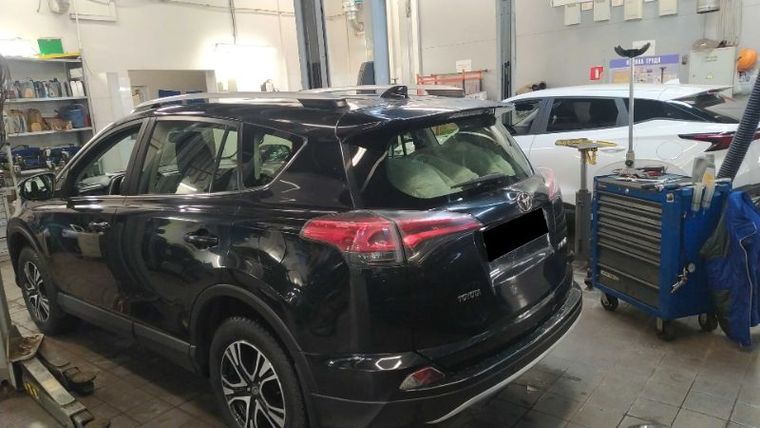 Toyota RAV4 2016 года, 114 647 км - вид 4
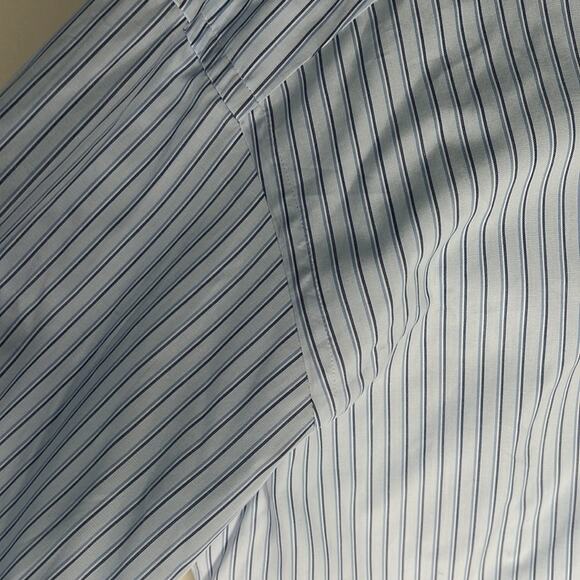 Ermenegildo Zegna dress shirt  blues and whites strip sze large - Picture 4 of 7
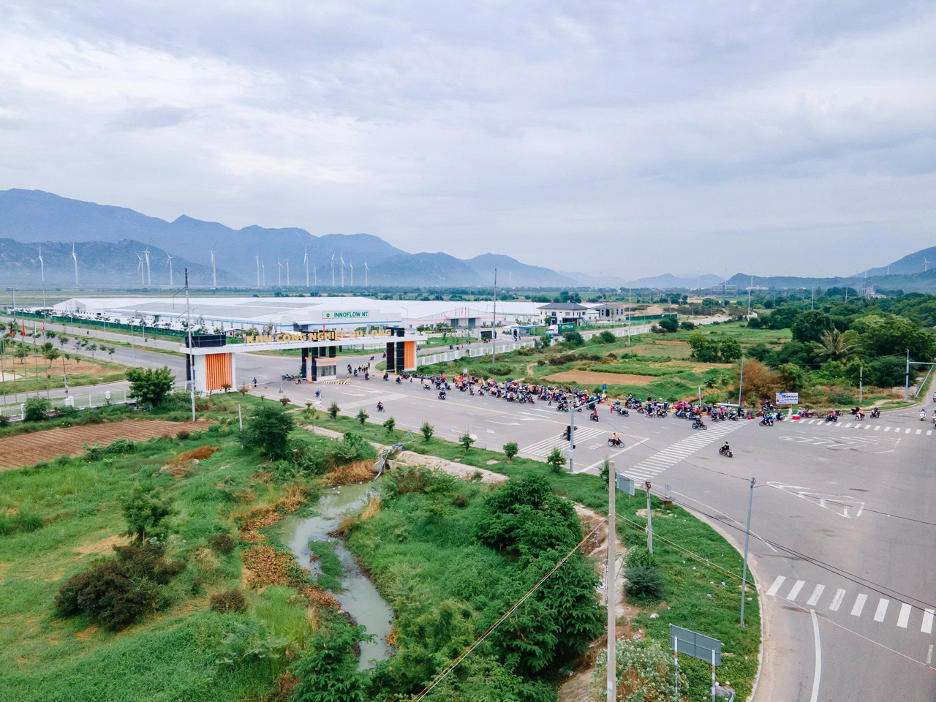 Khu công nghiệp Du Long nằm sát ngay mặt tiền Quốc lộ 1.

* * *

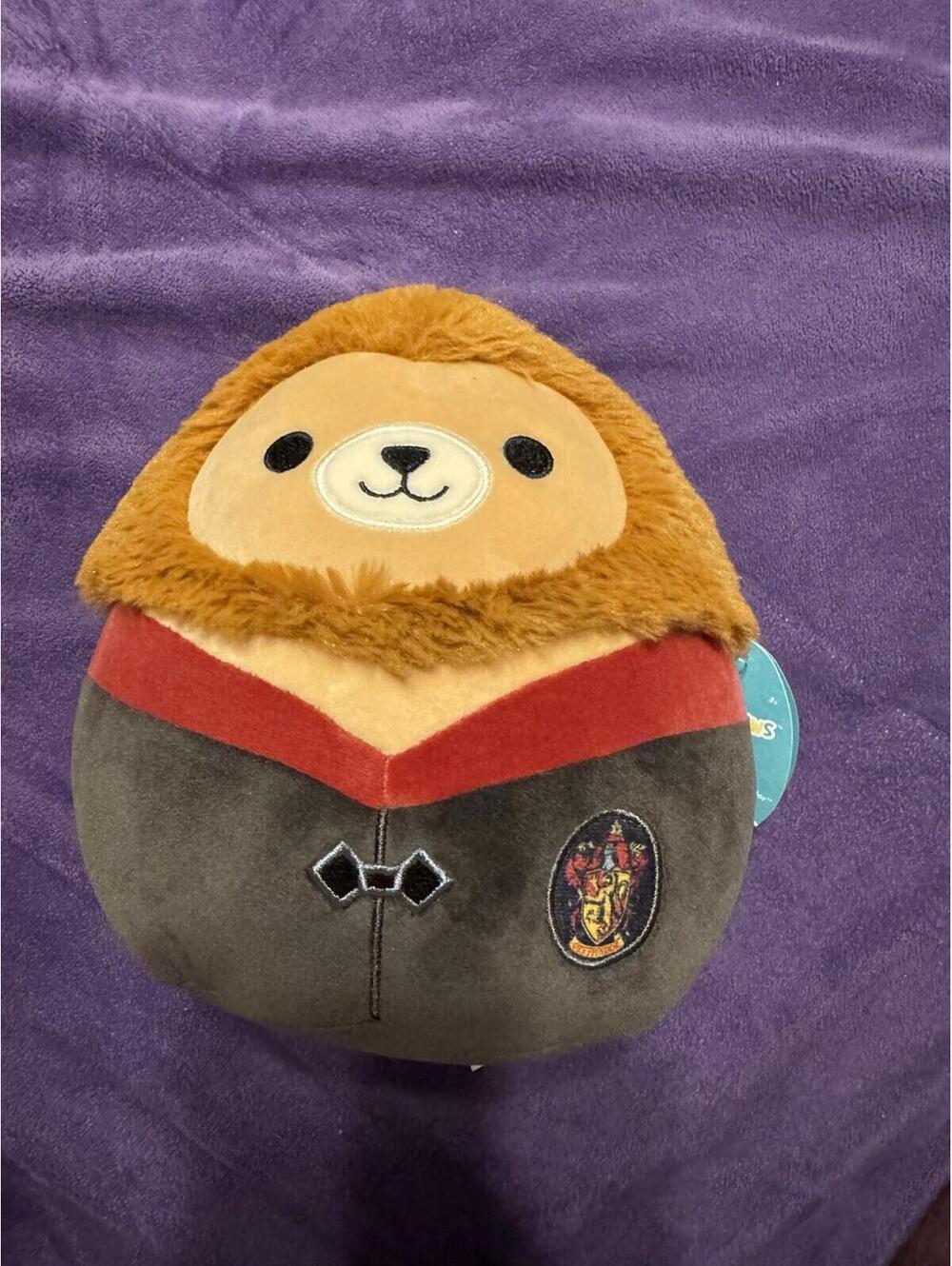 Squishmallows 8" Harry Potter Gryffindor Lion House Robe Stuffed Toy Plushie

TASK DIRECTIONS. Leaving out all pictures, set down exactly the lines of the material above, from the line with "Toyota RAV4 2016 года, 114 647 км - вид 4" to the line with "Khu công nghiệp" inclusive, and no others.

ANSWER TO THE EXERCISE.
 Toyota RAV4 2016 года, 114 647 км - вид 4
 Ermenegildo Zegna dress shirt  blues and whites strip sze large - Picture 4 of 7
 Khu công nghiệp Du Long nằm sát ngay mặt tiền Quốc lộ 1.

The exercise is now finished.